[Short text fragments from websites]

▼

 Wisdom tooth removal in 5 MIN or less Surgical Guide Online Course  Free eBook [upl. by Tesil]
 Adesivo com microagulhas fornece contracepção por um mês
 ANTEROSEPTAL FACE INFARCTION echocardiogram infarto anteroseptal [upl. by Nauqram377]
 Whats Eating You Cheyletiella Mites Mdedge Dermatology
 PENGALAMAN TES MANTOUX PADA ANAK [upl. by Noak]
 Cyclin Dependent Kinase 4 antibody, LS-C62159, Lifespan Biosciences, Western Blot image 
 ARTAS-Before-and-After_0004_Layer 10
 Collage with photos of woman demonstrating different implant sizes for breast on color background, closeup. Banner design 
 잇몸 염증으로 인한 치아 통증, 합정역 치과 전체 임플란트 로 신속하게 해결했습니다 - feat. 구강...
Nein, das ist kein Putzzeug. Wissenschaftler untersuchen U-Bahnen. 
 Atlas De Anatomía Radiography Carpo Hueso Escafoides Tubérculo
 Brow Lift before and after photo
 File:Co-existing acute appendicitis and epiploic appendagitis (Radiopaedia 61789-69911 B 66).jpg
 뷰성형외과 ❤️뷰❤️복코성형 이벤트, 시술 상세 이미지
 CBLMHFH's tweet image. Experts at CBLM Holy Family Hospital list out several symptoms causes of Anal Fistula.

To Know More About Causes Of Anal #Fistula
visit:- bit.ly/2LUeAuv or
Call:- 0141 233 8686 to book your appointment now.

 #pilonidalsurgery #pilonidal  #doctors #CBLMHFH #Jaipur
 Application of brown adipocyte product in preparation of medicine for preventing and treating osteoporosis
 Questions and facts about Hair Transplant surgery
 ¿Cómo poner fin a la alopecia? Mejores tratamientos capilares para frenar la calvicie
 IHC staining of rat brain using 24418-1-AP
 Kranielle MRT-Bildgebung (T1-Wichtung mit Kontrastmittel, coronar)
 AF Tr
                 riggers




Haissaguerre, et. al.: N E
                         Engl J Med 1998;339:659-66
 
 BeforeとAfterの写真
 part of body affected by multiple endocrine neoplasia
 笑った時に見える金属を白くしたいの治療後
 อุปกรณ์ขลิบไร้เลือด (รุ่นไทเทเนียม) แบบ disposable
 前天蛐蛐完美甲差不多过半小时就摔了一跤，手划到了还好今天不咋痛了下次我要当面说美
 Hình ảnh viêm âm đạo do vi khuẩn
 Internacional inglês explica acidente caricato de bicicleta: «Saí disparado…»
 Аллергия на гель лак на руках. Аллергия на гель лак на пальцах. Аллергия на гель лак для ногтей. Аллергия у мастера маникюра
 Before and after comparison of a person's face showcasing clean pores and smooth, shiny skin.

▲

[Activity] Looking through the records, copy out every line in which the word "image" is found.

[Reply]
 Cyclin Dependent Kinase 4 antibody, LS-C62159, Lifespan Biosciences, Western Blot image 
 CBLMHFH's tweet image. Experts at CBLM Holy Family Hospital list out several symptoms causes of Anal Fistula.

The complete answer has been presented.